The quandary is that if they both don’t talk, they might go free, if they both say the other one did it, they go to jail, but neither knows if their compatriot will talk! It is classic example of how two rational people might work against each other even if cooperation is an option. (Think of the predicament in Christopher Nolan’s Batman film, The Dark Knight: The Joker sets up a social experiment wherein the occupants of two ferries—one filled with prisoners and the other with everyday Gothamites—are told that they can either choose to blow up the other ferry or, if neither group decides to pull the trigger, The Joker will destroy both boats.)
The second puzzle is called the Tragedy of the Commons. In an 1968 article in Science magazine, an economist uses the example of a common grazing area for local farmers: every farmer could use the public area for their sheep, but if the farmers worked solely in their best interest, they would raise more sheep, leading to over-grazing and the eventual destruction of the established common area. This puzzle illustrates how access to a common asset might lead to consequences detrimental to the entire group.
Now, back to Selterman’s exercise. How do you think his students did? Despite knowing the rules of the game, only one class since 2008 ever received two points for every student. The rest of his classes had more than 10% of the students selecting the six points option, leading the entire class to get no extra credit at all. Tragedy!
I tried this in my own class this week. It is a small group of 18 first-generation college students who live in the same dorm. I believed that such a tight-knit community would certainly prove Selterman wrong by selecting the two-point option. But, alas, the commons fell yet again: seven of the 18 students chose the six-point option!

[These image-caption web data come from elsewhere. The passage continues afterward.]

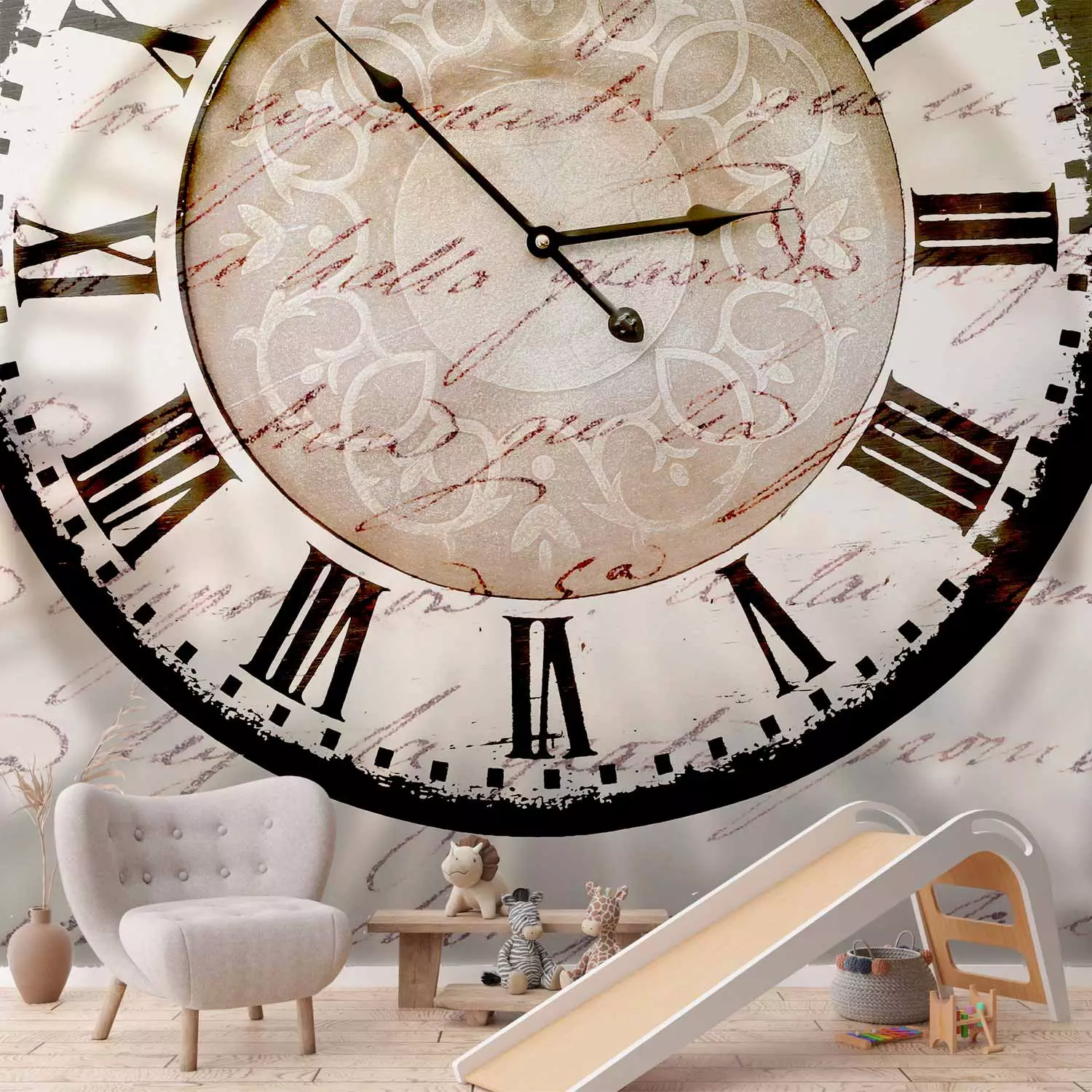 Photo Wallpaper Passage of Time - Large Clock with Shadow on Beige Background with Texts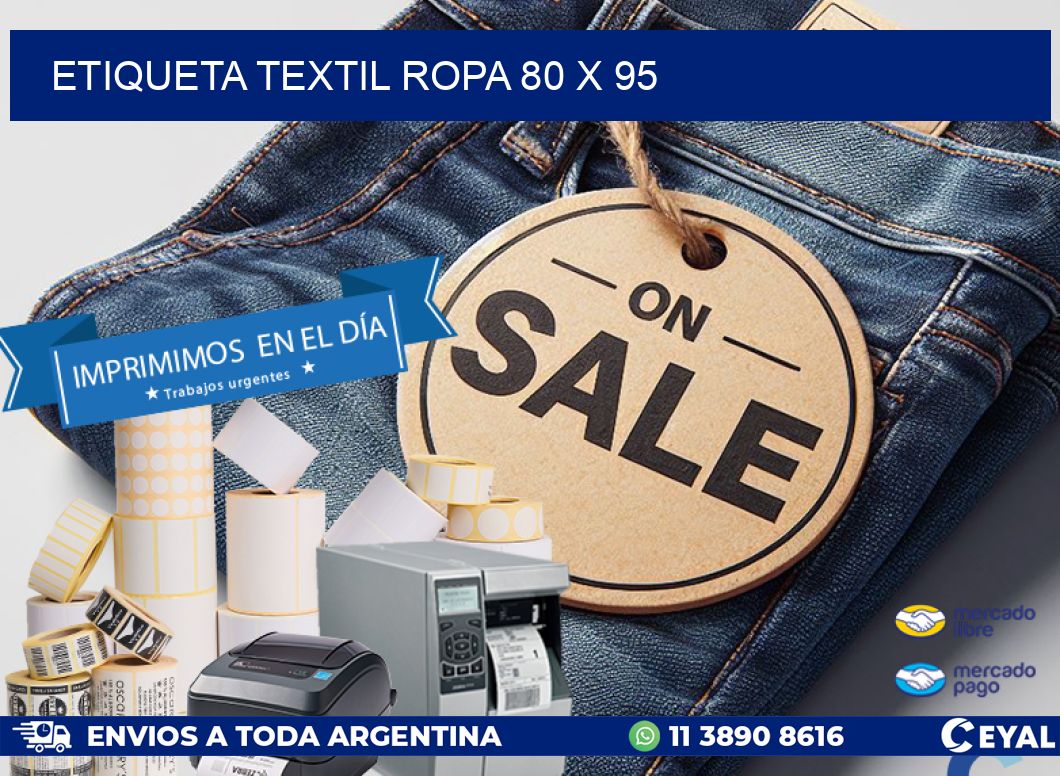 ETIQUETA TEXTIL ROPA 80 x 95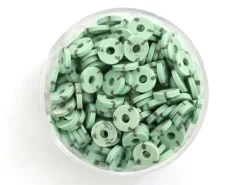 Boite de perles rondelles heishi 6 mm - Naturel vert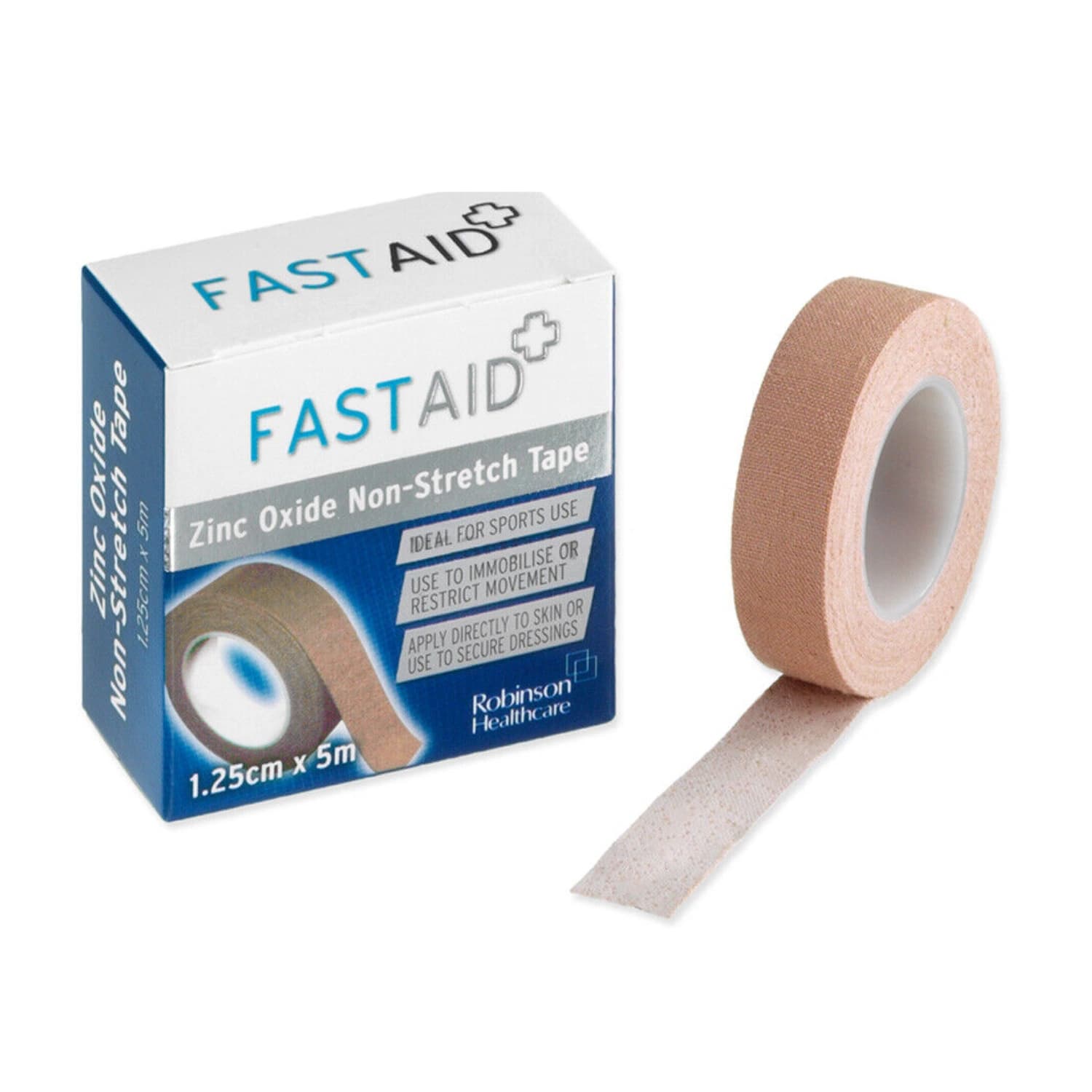 FastAid Zinc Oxide Non-Stretch Tape 1.25cm x 5m
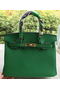 Hermes Birkin 30CM Tote Bags Green Calfskin Leather BK30 Gold Replica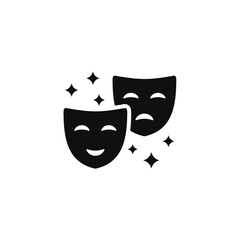 Theater masks icon isolated on transparent background. Drama comedy and tragedy icon - obrazy, fototapety, plakaty
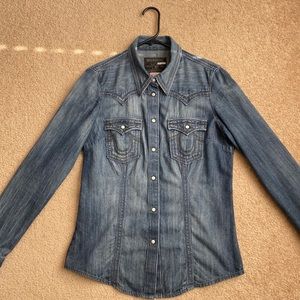 100% authentic True Religion unisex denim shirt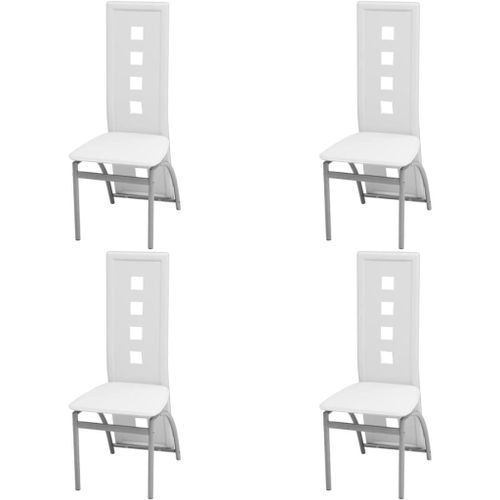 Vidaxl Chaises À Manger Lot De 4 Blanc Similicuir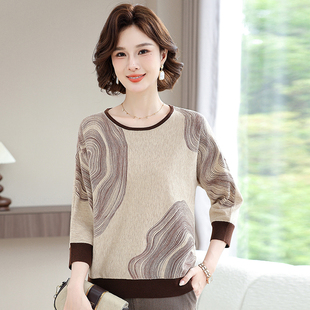 春装 母亲节衣服上衣针织衫 中年妈妈装 中老年女装 T恤 小衫 2025新款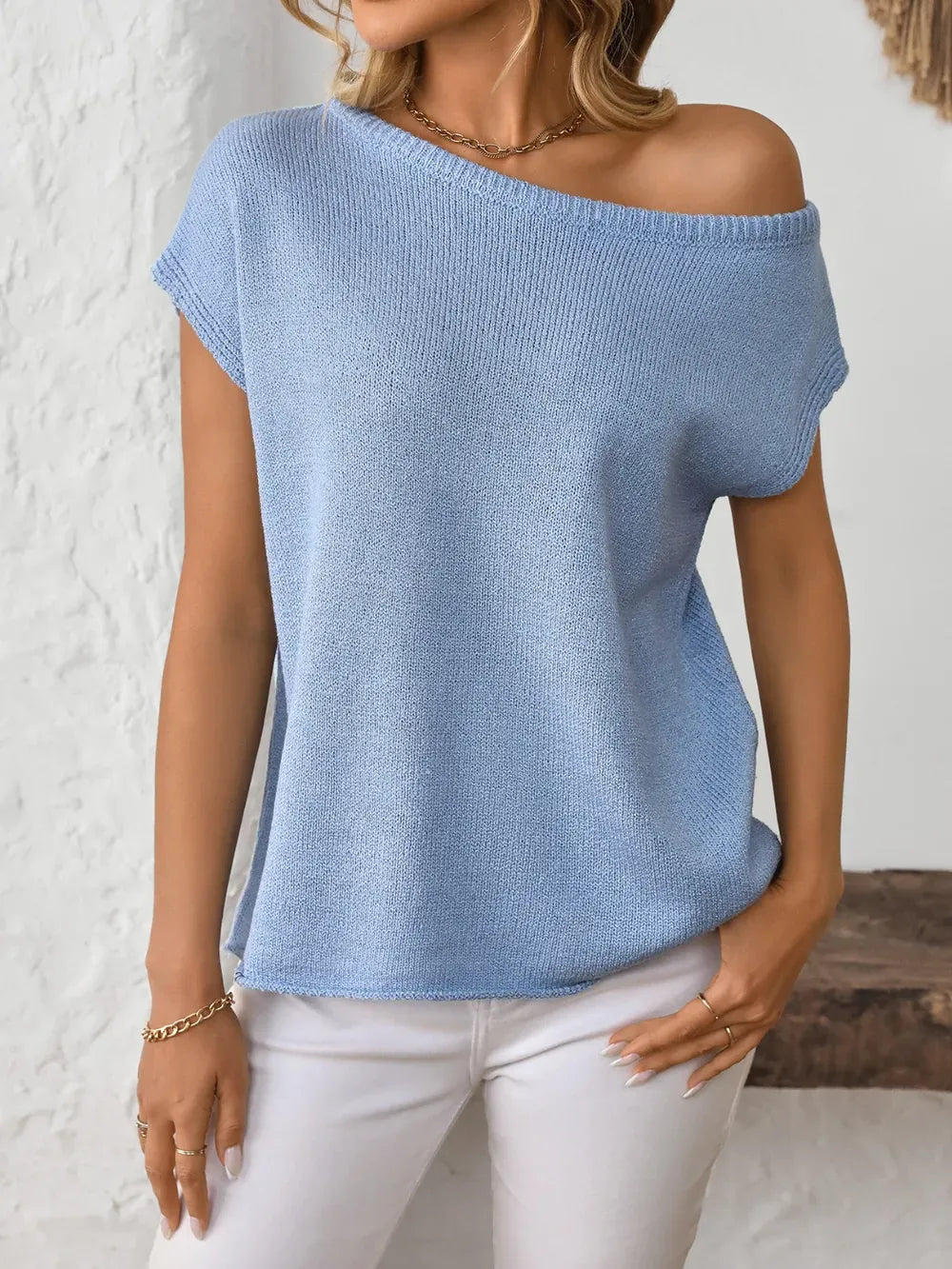 Mandy Boat Neck Short Sleeve Knit Top-Tops-Krush Kandy, Women's Online Fashion Boutique Located in Phoenix, Arizona (Scottsdale Area)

And so, you might ask yourself: Are we all inherently self-interested to the point of collective harm? Under what conditions are we willing to forgo individual gains for the greater good? When teaching Marxism and socialism I always contend that our everyday assumptions about preternatural greediness are a social construct, a product of being socialized in our capitalist system. Marx famously wrote in the “Economic and Philosophic Manuscripts of 1844” that we are not purely self-interested but are free, conscious producers. (After all, for millions of years and in a variety of cultures, the individual was group-oriented toward his or her clan or village.
Can you imagine how long a village member would last if he decided that he would hunt only for himself and not share with the group?) In kindergarten we learn to share our crayons and pencils, but by the time we take an Introduction to Sociology course we have been socialized to think that it’s better to go for the six points than to think of the welfare of the collective group! Why do we learn to care less for others?
If some prognosticators are accurate, and there are crises in climate change, droughts, and limited resources in the near future, what will people do? Would you be willing to reduce your water usage? Would you select the two points or six points? Furthermore, how do you suggest we reduce overconsumption of shared resources? Must we only appeal to individualized gains?
There has always proven to be that collective harm versus greater good factor within human nature. I believe this is a great sociologist lens to address and analyze the recent Californian drought. During a crisis like this I believe that it is imperative that the entire society must be knowledgable of the impact of environmental reflects on all people and not just the "greater" group of people. After all, this planet houses us all, regardless of status or wealth.
Posted by: Leahnes Rivera | October 17, 2015 at 08:50 PM
Wevare brain washed to be selfish. Which is not the way because if alot of us share with the right people you can become better in whatever it is we may be doing. I would select 6 points and provide water!